The Code of Business Conduct and Ethics was adopted in January 2021 and can be accessed under the “Investor Relations—Governance” link on our website at www.dreamfindershomes.com. We intend to satisfy any disclosure requirements pursuant to Item 5.05 of Form 8-K and the NYSE rules regarding any amendment to, or waiver from, certain provisions of the Code of Business Conduct and Ethics by posting such information on our website.
Item 11. Executive Compensation
The information called for by Item 11 will be set forth in the definitive proxy statement relating to the 2025 Annual Meeting of Stockholders pursuant to SEC Regulation 14A. Such definitive proxy statement relates to a meeting of stockholders involving the election of directors and the portions thereof called for by Item 11 are incorporated herein by reference pursuant to Instruction G to Form 10-K.
Item 12. Security Ownership of Certain Beneficial Owners and Management and Related Stockholder Matters
The information called for by Item 12 will be set forth in the definitive proxy statement relating to the 2025 Annual Meeting of Stockholders pursuant to SEC Regulation 14A. Such definitive proxy statement relates to a meeting of stockholders involving the election of directors and the portions thereof called for by Item 12 are incorporated herein by reference pursuant to Instruction G to Form 10-K.
Item 13. Certain Relationships and Related Transactions, and Director Independence
The information called for by Item 13 will be set forth in the definitive proxy statement relating to the 2025 Annual Meeting of Stockholders pursuant to SEC Regulation 14A. Such definitive proxy statement relates to a meeting of stockholders involving the election of directors and the portions thereof called for by Item 13 are incorporated herein by reference pursuant to Instruction G to Form 10-K.
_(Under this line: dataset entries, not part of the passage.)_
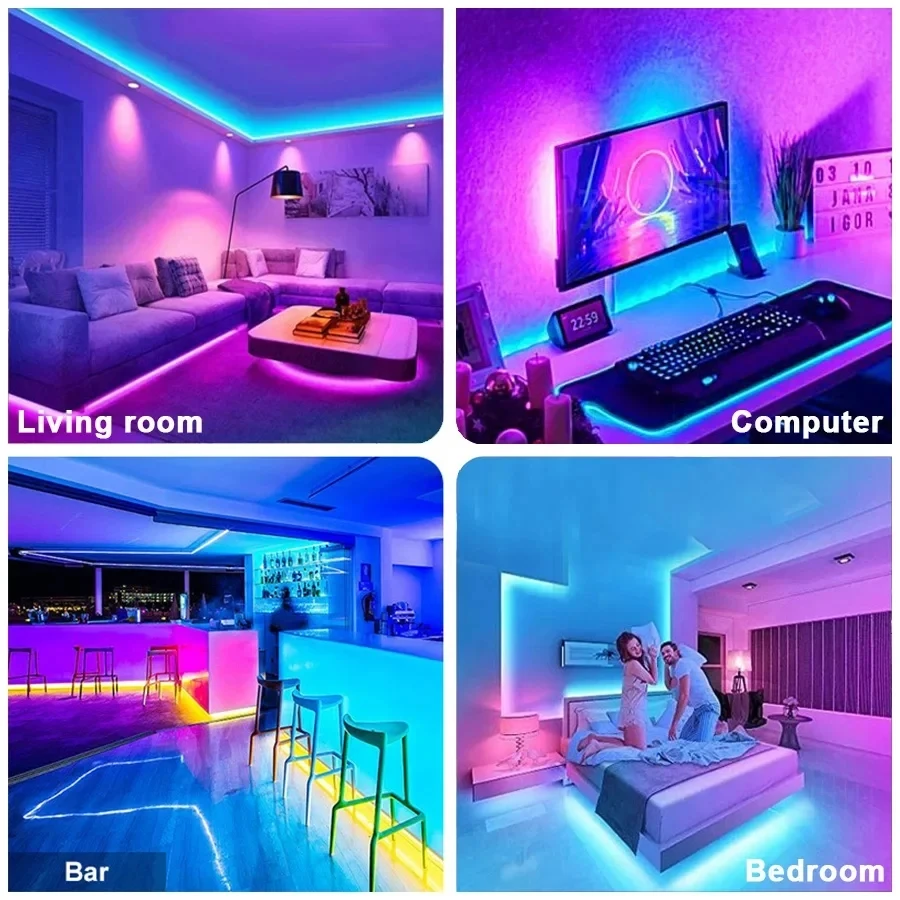 Rgb 5050 luzes de tira led sincronização música ws2812b usb 5v controle remoto fita led lâmpada flexível para sala festa tv mesa decoração do quarto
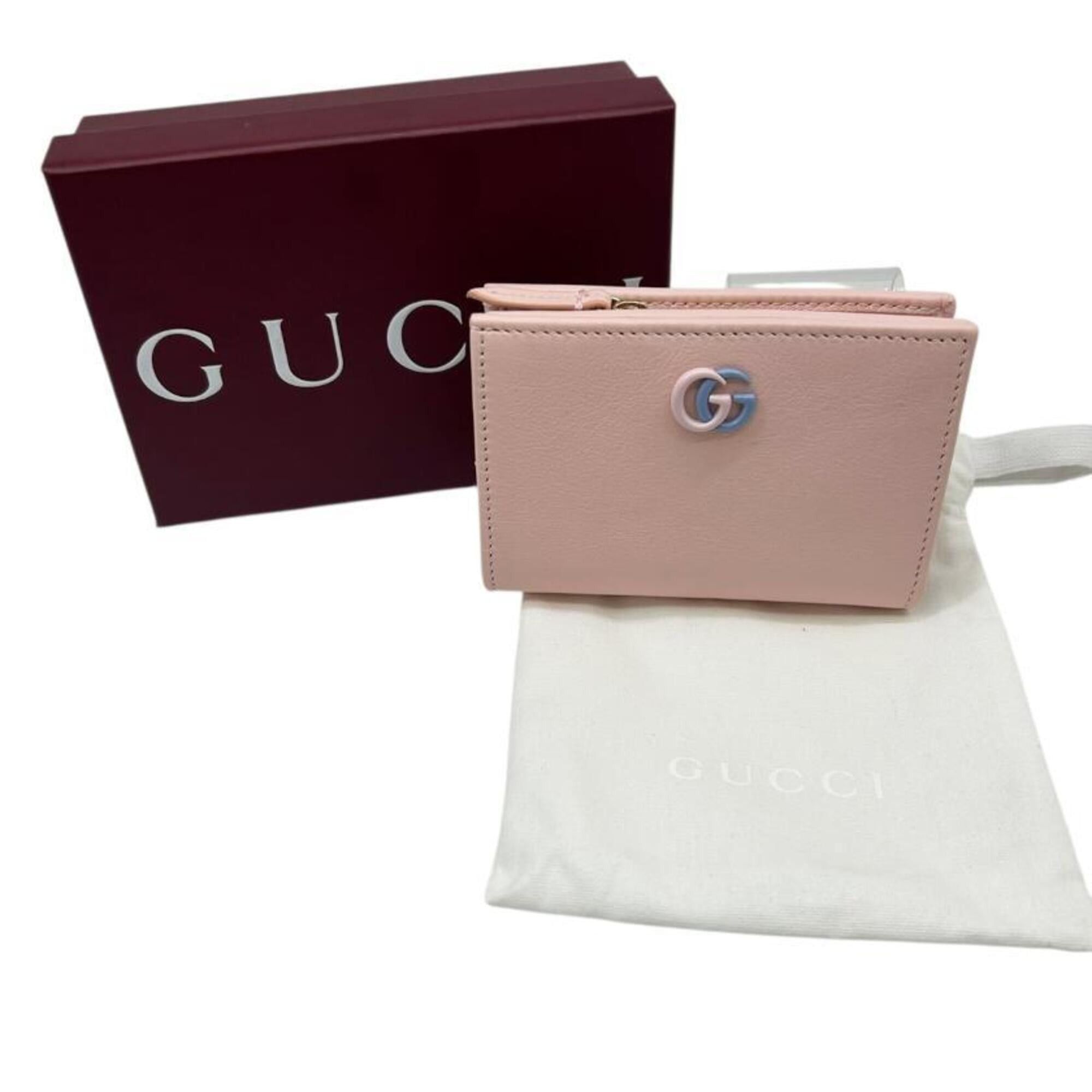 Gucci GUCCI Compact Wallet Double G Leather Pink Blue 790063 Bi-fold Mini Women's Size ONE SIZE - 10 Thumbnail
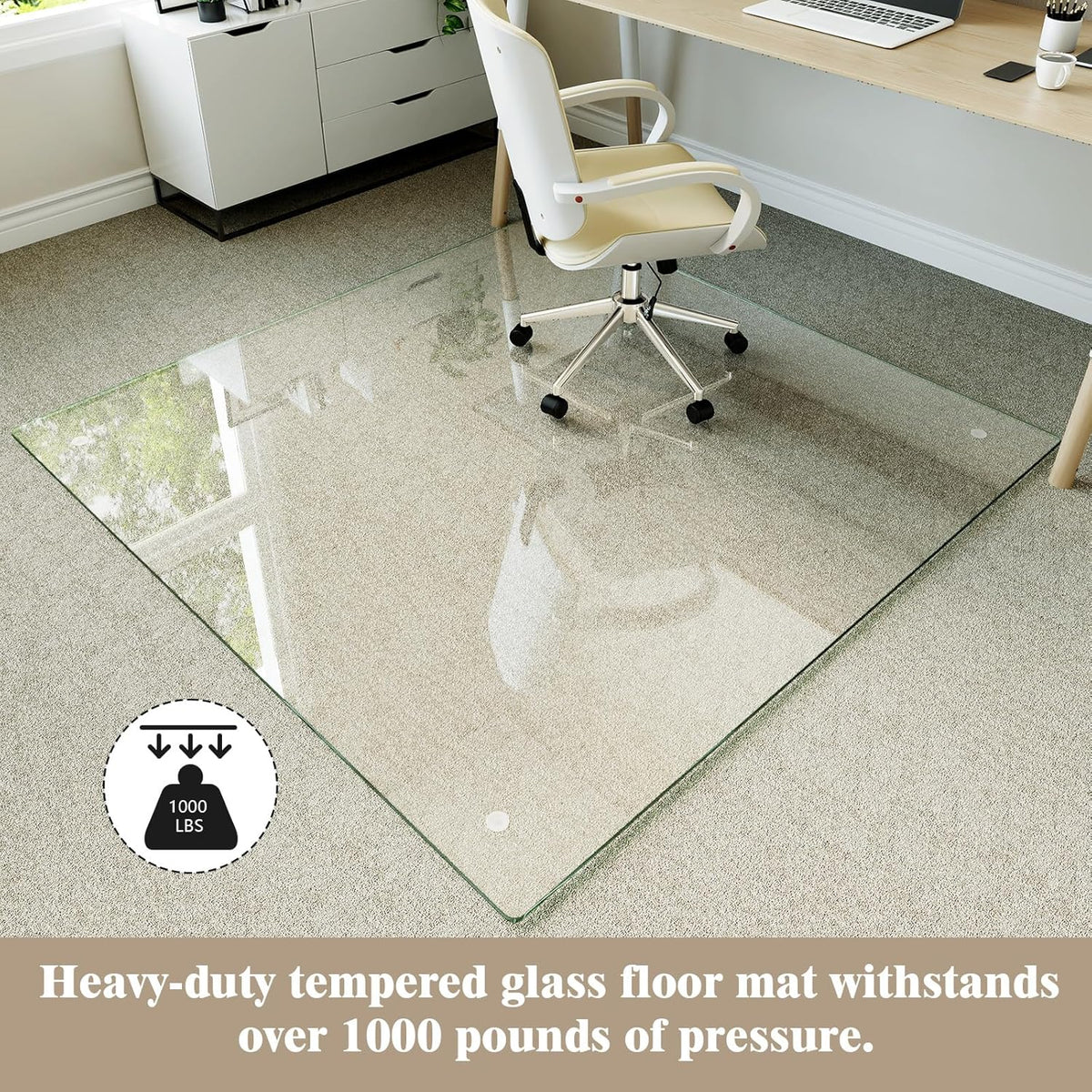Koonmi Tempered Glass Chair Mat for Hardwood Floors & Carpets, 55" x 55“ Transparent Heavy Duty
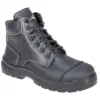 Portwest FD10 Steel Leather Mid Boot S3 HRO FO SC HI CI LG SR in Black
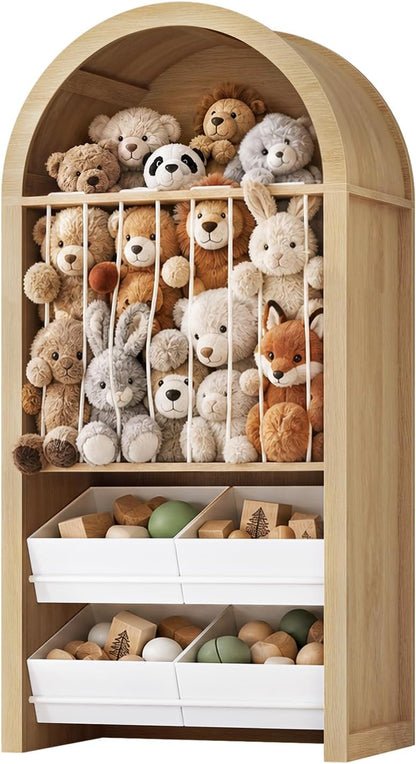 UPOSOJA 51.8" Tall Arched Toy Storage Cabinets, Oak Color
Item 14. Principal Accountant Fees and Services
The information called for by Item 14 will be set forth in the definitive proxy statement relating to the 2025 Annual Meeting of Stockholders pursuant to SEC Regulation 14A. Such definitive proxy statement relates to a meeting of stockholders involving the election of directors and the portions thereof called for by Item 14 are incorporated herein by reference pursuant to Instruction G to Form 10-K.
PART IV
ITEM 15. EXHIBITS AND FINANCIAL STATEMENT SCHEDULES
(1)The following consolidated financial statements as set forth in Item 8 of this report are filed herein.
Dream Finders Homes, Inc.
Report of Independent Registered Public Accounting Firm
Consolidated Balance Sheets
Consolidated Statements of Comprehensive Income
Consolidated Statements of Equity
Consolidated Statements of Cash Flows
Notes to the Consolidated Financial Statements
(2)Financial Statement Schedules.
All schedules are omitted because the required information is not applicable, not material, or because the required information is included in the consolidated financial statements and related notes thereto.
(3)Exhibits.
The exhibits filed or furnished as part of this Annual Report on Form 10-K are listed in the Index to Exhibits, which Index includes the management contracts or compensatory plans or arrangements required to be filed as exhibits to this Annual Report on Form 10-K by Item 601(b)(10)(iii) of Regulation S-K and is incorporated in this Item by reference.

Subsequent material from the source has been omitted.